By the time sixteen (almost seventeen) year old Anais Nin wrote the following passage in her childhood diary (translated from the original French), she, her mother, and two brothers had been in New York for five years. Stubbornly hanging onto her French while her hopes of agains seeing her father, who remained in France, were fading, Anais describes her Christmas Eve and Day:
December 26, 1919. After having waited for Maman on Christmas Eve with great impatience, I had the joy of seeing her arrive with a dozen little packages containing a few small details to decorate the tree. After dinner we began to trim the tree–a tall fir, with its topmost branch kissing the lofty ceiling, as though to wish it a Merry Christmas too. The four of us were busy, happily placing the little candles, balls of every color, snowflakes, stars, little dolls, little bags of candy, and all the other charming things that traditionally disguise a solemn evergreen to make it more human, that is, more attractive to man’s gaze and all his senses. That was quickly done. Then came the moment to place the gifts, the packages nicely wrapped in tissue paper and red ribbon, and crowned with a little tag with a name. What mysteries, what smiles!
Joaquinito’s eyes were worthy of study. Thorvald’s were not quite so big, but almost as expressive. My curiosity, which had been dormant a long time, was also awake but less noisy, like Maman’s. Once again I had the impression of being much older in my ideas, very far away from Thorvald and Joaquinito, unable to share their happy-go-lucky nature, and because of that, closer to Maman, closer to the more serious things in Life.

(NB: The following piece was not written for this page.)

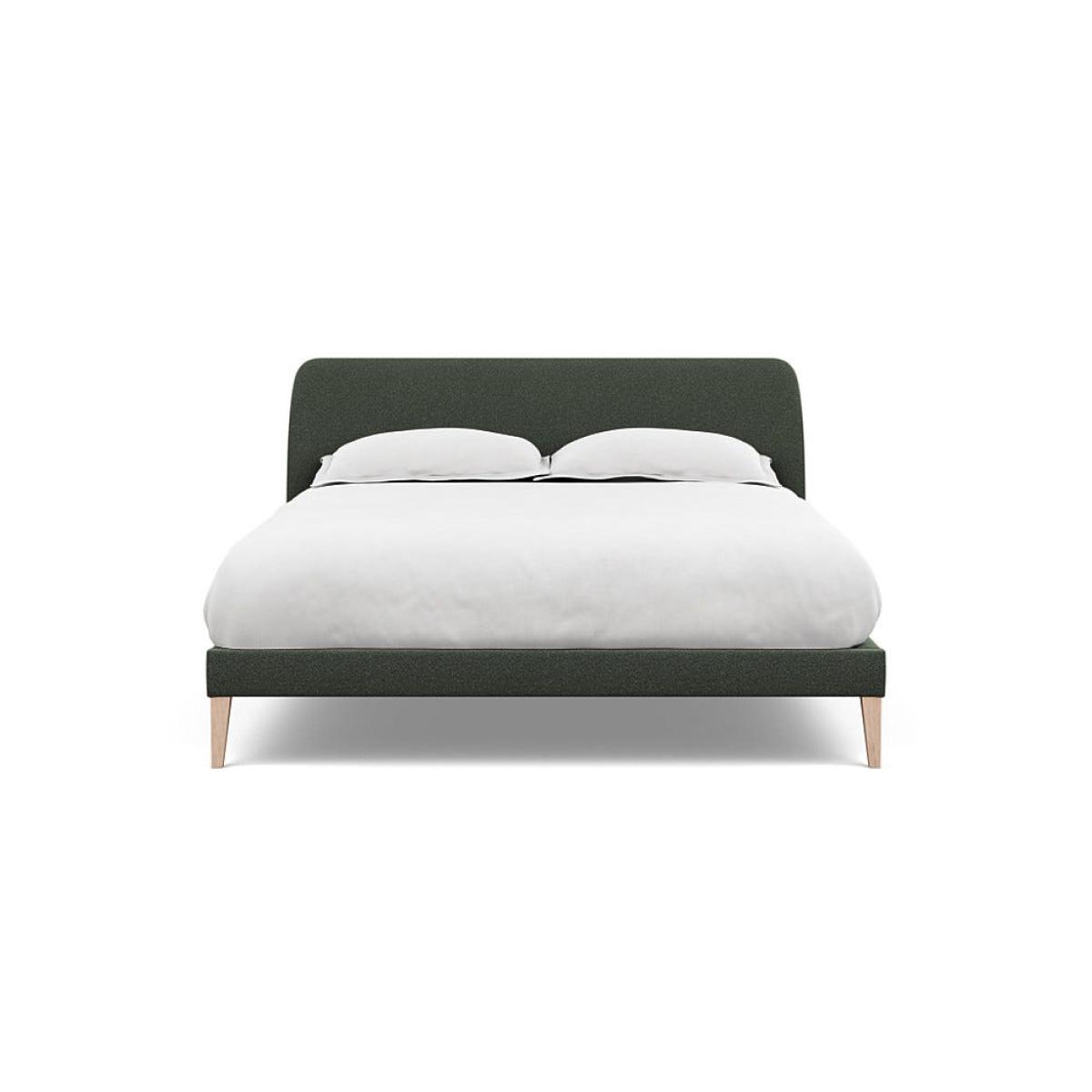 Heal's Wallis Bed King Boucle Fern Natural Oak Feet – image 2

The time came to go to bed. I took one last look at the holly which I had used to decorate the mantels, lamps, windows, and banister, and the mistletoe hanging on a red ribbon. The tree shone at the end of the dark parlor. Do you believe that I thought only of the beauty of the scene? No, mixed with my somewhat poetic impressions were thoughts that responsibility has taught me. I was thinking also that everything was clean and in order. A woman has to be a practical poet!
The night was disturbed by dreams. The doors were open and I heard all of my dear family rolling over and over, each in his own bed. It wasn’t just the excitement of Christmas night, it was also the cold and the wind. .
At dawn I was awakened by a strange feeling of rain on my face. It was snow that the wind invited into my room and onto my bed, through the open window. I got up to close it and saw the result of the silent work accomplished in the night by the Great Painter. The landscape was majestic! I was so thrilled I couldn’t go back to sleep, so I thought. I must have looked funny, half sitting up in bed, staring out of the window, thinking of many different things, while the dim light of early morning filtered slowly into my room. Of course I was the first one dressed. But the snowstorm had been so violent that I didn’t go to Mass.
Before Thorvald and Joaquinito left, we lighted the tree and sang “Venite Adoremus,” accompanied on the piano by Joaquinito. The packages were opened and immediately the cries of joy began.
Breakfast was a little quieter, for Maman wasn’t feeling well. Afterward, while the boys went out, Maman and I dressed with great care. I had made a big tulle bow for my black velvet dress. Sometimes it amuses me to be a coquette….
The visitors arrived a little while before dinner. The dinner was a success, as almost all dinners are. It’s not very difficult to talk, eat; laugh, talk, eat, laugh until it’s over. Some people talk very little and eat a lot. Others only talk and laugh, but several eat well, talk delightfully and laugh at the same time. That must be a characteristic of a “woman of the world.” Doubtless it’s a good quality! By trying hard, I succeeded in talking a good deal in order to be pleasant. I am not unsociable any more! To avoid being unsociable, one must tell lies and act like a clown, which is very simple for liars (or flatterers–same thing) and for clowns!
After dinner we talked. There must be a reason for this old custom. I think it’s because a starving man is not very pleasant, so after dinner everyone has an opportunity to be agreeable, in order to make up for past mistakes.
To complete the celebration of this beautiful day, I went sledding with Thorvald and Joaquin after dinner. There are always many children and it’s a real party. Even now I can see the hill and the sleds going by, overflowing with children. I can hear the shouts clear into Maman’s room, where I am keeping her company, as she is in bed.
They nicknamed me “White Cap” because of my white beret, and since J oaquinito answers all their questions every time I go, yesterday a few of the boys called “au revoir” and other words that they murdered with the worst American accent. I don’t know why, but the few girls who go there can’t stand me, and while I was wondering why all of them were giving me such unkind looks, I heard three girls talking near me as a sled full of boys went by, shouting (the boys, not the sled): “Hello, White Cap!” “Want to ride on our sled?” One girl said: “See that girl with the white tamo’-shanter? Well, she is the biggest flirt!”
And the other one added: “Most of the boys behave like fools since she comes here.”
Decidedly, I will have to change my hair style!